Start of Data shown

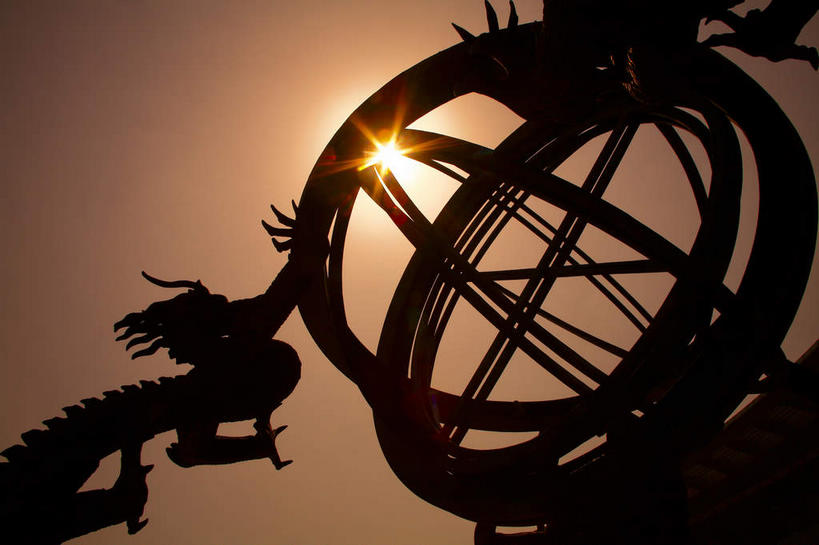 无人,横图,室外,白天,仰视,旅游,度假,技术,仪器,日落,标志建筑,地标,建筑,上海,中国,亚洲,梦幻,研究,发光,光束,科学,测量,晚霞,霞光,落日,光亮,背光,教育,娱乐,建设,浦东,一个,黄昏,享受,休闲,旅游胜地,彩霞,放松,上海科技馆,单个,展览,测量工具,申,未来,欣赏,发亮,科技馆,天文,逆光,陈列,浦东新区,世纪大道,东亚,憧憬,上海市,中华人民共和国,沪,华东地区,量具,量仪,夕照,薄暮,浑天仪,浑象,浑仪,天文仪器,夕阳,彩图,低角度拍摄,傍晚,科学技术馆,斜阳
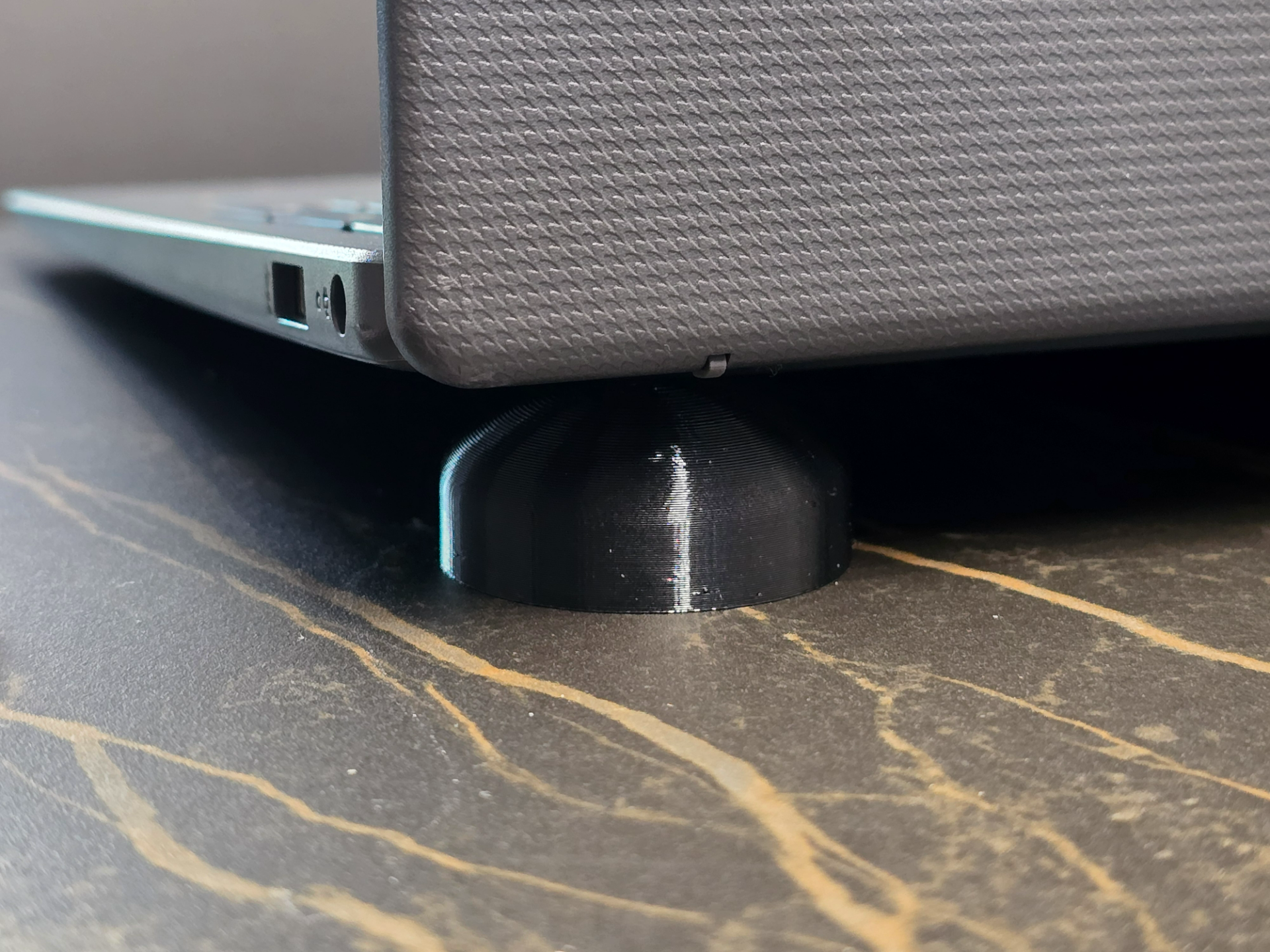 Magnetic TPU Laptop Lifts – 2cm Boost & Grip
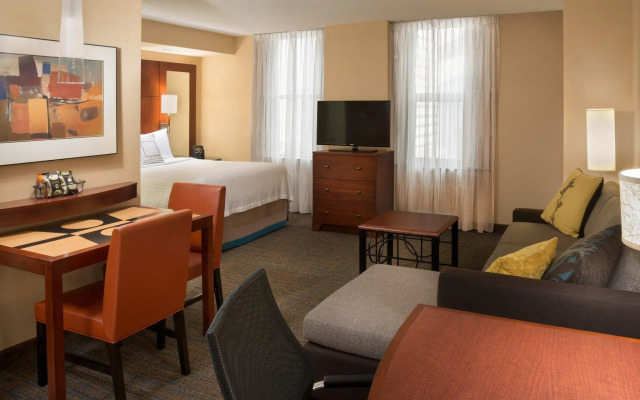 Residence Inn by Marriott Toronto Downtown / Entertainment District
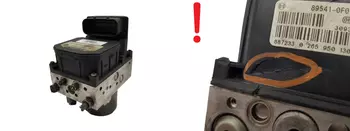 44540-0F011, 89541-0F010 Pompe abs Toyota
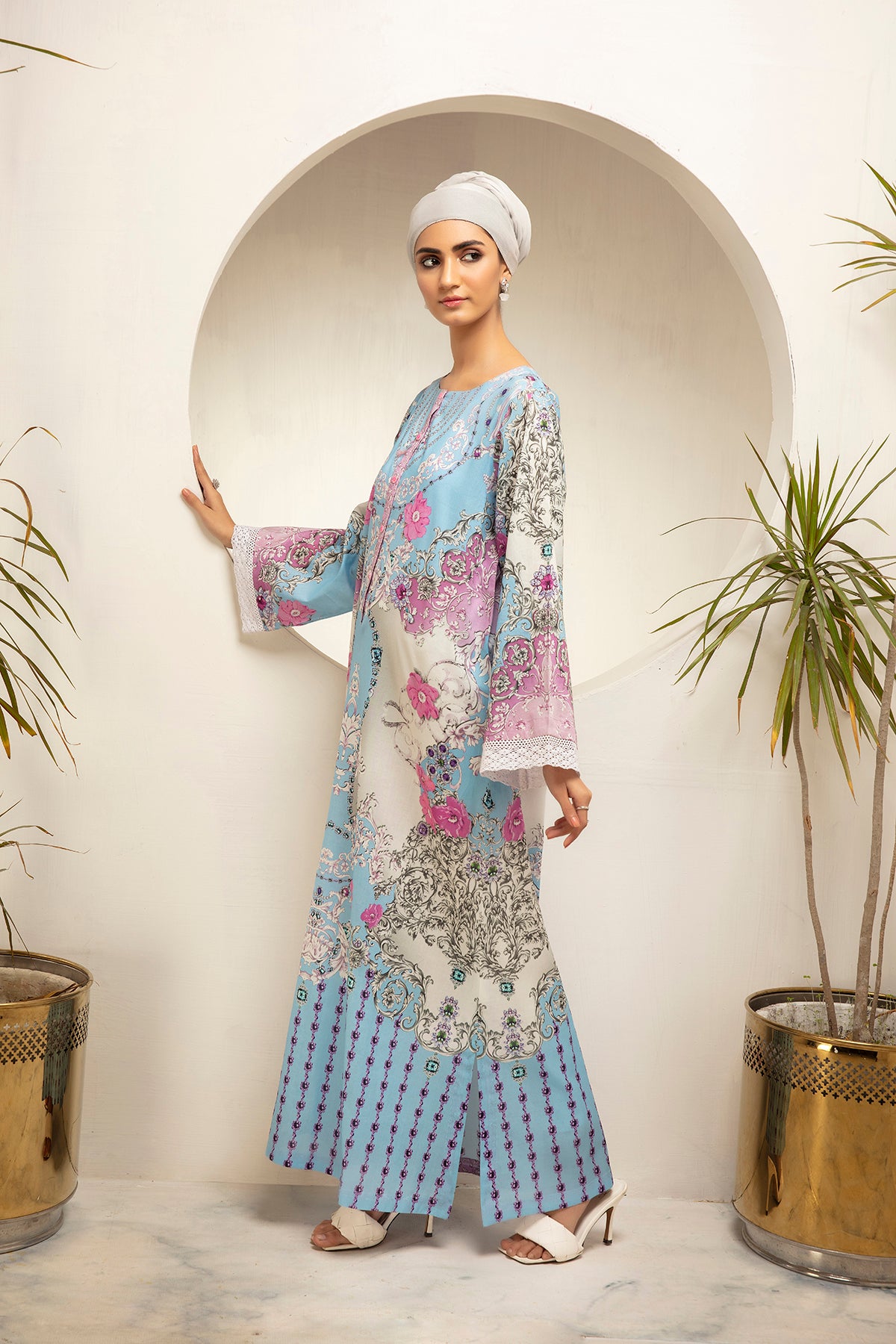 DS21-33 - Digital Cambric Stitched Fustaan With Mask - 1PC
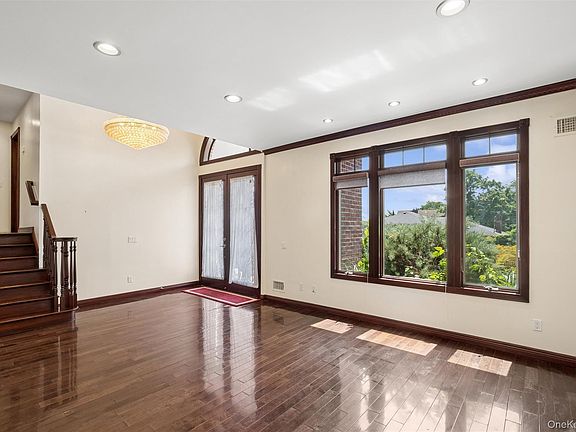 5th image of 300 Ellen Place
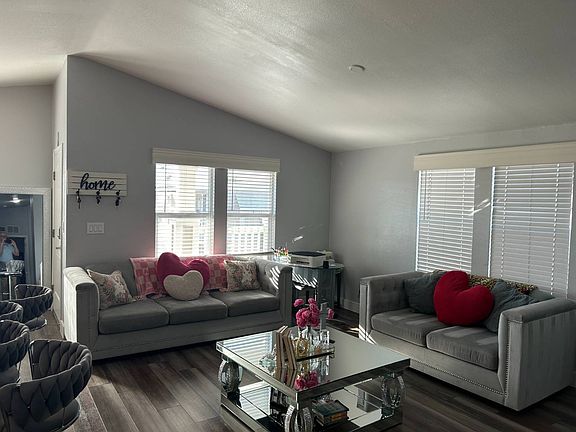 4th image of 400 W Baseline Rd #52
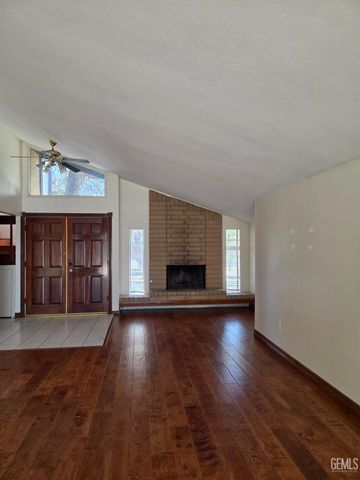 4162 Pinewood Lake Drive, Bakersfield, CA 93309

End of Data shown

- _What is being asked_: Go through the entries and retype them exactly, except for the images.

- _Your solution_:
 无人,横图,室外,白天,仰视,旅游,度假,技术,仪器,日落,标志建筑,地标,建筑,上海,中国,亚洲,梦幻,研究,发光,光束,科学,测量,晚霞,霞光,落日,光亮,背光,教育,娱乐,建设,浦东,一个,黄昏,享受,休闲,旅游胜地,彩霞,放松,上海科技馆,单个,展览,测量工具,申,未来,欣赏,发亮,科技馆,天文,逆光,陈列,浦东新区,世纪大道,东亚,憧憬,上海市,中华人民共和国,沪,华东地区,量具,量仪,夕照,薄暮,浑天仪,浑象,浑仪,天文仪器,夕阳,彩图,低角度拍摄,傍晚,科学技术馆,斜阳
 Magnetic TPU Laptop Lifts – 2cm Boost & Grip
 Residence Inn by Marriott Toronto Downtown / Entertainment District
 44540-0F011, 89541-0F010 Pompe abs Toyota
 DS21-33 - Digital Cambric Stitched Fustaan With Mask - 1PC
 5th image of 300 Ellen Place
 4th image of 400 W Baseline Rd #52
 4162 Pinewood Lake Drive, Bakersfield, CA 93309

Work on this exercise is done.